Tuberkulose gibt es seit Jahrhunderten. Die existierenden Behandlungen sind weltweit ungleich verfügbar. Das muss sich ändern!

Tuberkulose (TB) ist heilbar - trotzdem sterben jedes Jahr mehr als 1,3 Millionen Menschen an der Infektionskrankheit. Nur etwa zwei von fünf Menschen mit resistenter Tuberkulose (DR-TB) werden diagnostiziert und behandelt.   

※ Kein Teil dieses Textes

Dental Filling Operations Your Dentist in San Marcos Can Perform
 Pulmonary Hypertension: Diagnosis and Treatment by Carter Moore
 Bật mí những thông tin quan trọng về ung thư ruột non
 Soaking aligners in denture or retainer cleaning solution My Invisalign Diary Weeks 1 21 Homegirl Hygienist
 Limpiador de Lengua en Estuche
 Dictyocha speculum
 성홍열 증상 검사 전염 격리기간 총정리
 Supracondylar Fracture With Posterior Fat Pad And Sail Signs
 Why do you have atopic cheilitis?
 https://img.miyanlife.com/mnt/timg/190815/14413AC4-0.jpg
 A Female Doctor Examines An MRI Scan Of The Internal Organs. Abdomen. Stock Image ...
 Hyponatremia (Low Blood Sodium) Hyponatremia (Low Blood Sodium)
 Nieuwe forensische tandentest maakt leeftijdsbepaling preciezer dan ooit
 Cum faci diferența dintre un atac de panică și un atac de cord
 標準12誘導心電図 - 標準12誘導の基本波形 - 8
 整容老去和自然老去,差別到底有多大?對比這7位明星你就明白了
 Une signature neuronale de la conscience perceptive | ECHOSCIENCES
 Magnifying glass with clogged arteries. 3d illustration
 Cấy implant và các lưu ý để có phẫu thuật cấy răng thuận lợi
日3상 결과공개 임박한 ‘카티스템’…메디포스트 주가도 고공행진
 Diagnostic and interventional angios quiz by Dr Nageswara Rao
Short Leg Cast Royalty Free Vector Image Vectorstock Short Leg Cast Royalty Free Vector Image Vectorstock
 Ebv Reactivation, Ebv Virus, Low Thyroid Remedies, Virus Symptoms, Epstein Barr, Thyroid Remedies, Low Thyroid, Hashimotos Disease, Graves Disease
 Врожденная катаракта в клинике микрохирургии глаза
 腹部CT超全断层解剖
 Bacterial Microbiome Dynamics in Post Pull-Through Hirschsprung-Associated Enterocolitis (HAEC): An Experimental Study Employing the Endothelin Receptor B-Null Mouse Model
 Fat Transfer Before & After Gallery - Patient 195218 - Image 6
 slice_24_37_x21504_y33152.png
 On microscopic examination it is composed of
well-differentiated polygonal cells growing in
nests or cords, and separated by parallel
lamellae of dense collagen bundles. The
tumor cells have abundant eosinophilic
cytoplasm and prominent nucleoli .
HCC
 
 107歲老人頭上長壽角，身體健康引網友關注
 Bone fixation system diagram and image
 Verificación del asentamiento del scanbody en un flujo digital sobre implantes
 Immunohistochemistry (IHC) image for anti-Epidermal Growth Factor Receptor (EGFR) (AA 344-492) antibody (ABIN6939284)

Portrait von Jasmin Behrends
Jasmin Behrends, Expertin für den gerechten Zugang zu Medikamenten

“Alle Menschen, die an Tuberkulose erkrankt sind, sollten Zugang zu innovativen Medizinprodukten und der Gesundheitsversorgung haben, die sie für eine schnelle Diagnose und Behandlung benötigen.” 

Kernpunkte zu Tuberkulose

  • Die Krankheit wird durch Bakterien verursacht und befällt vor allem die Lunge. 
  • Die Behandlung erfolgt mit Antibiotika und es braucht eine Kombination aus verschiedenen Medikamenten. Bei resistenten Formen von Tuberkulose wird die benötige Kombinationsbehandlung entsprechend komplexer. 
  • Fast 50 Jahre lang gab es keinerlei medizinischen Fortschritt. Die bis dato gängige Behandlung hatte schwere Nebenwirkungen: von Hautveränderungen über ständige Übelkeit und Gewichtsverlust bis hin zur Taubheit. 
  • Seit 2013 existieren neue, besser verträgliche Medikamente: Bedaquilin, Delamanid und Pretonamid.  
  • Aufgrund der hohen Preise haben viele Menschen in Ländern kaum Zugang zu den neuen Medikamenten. 
  • Der einzige verfügbare Impfstoff ist mehr als ein Jahrhundert alt. Es braucht einen neuen Impfstoff, der wirksamer und sicherer ist.  
  • Um weltweit die Versorgung von Menschen mit Tuberkulose zu sichern, braucht es mehr Finanzierung.
  • DR-TB Resistente Tuberkulose zeigt eine Resistenz gegen mindestens eines der gängigen Erstlinientherapie-Medikamente. Zu diesen gehören: Isoniazid, Rifampicin, Ethambutol und Pyrazinamid.
  • MDR-TB Multiresistente Formen der Tuberkulose zeigen Resistenzen gegen mindestens Isoniazid und Rifampicin, die zwei wichtigsten Antibiotika in der Behandlung von Tuberkulose.
  • XDR-TB Bei extrem resistenter Tuberkulose handelt es sich um multiresistente Tuberkulose mit zusätzlichen Resistenzen gegen Breitbandantibiotika (alle Fluorchinolone) und Zweitlinientherapie-Medikamente.
Mahina, Patientin mit MDR-TB in Tajikistan 

“Ich habe aufgrund der Krankheit viele Freunde verloren. Sie verstanden nicht, wie sich die Krankheit verbreite und haben aufgehört mich zu besuchen. Und dann wollte ich sie nicht mehr sehen.... 
Jetzt wird es besser: Ich nehme Tabletten, 10-12 am Morgen und dann nochmal drei am Abend.
Ich wünsche mir, dass man Kranke nicht anders behandelt als Gesunde. Man sollte keine Angst vor ihnen haben - kranke Menschen brauchen schöne Dinge in ihrem Leben, um gesund zu werden.” 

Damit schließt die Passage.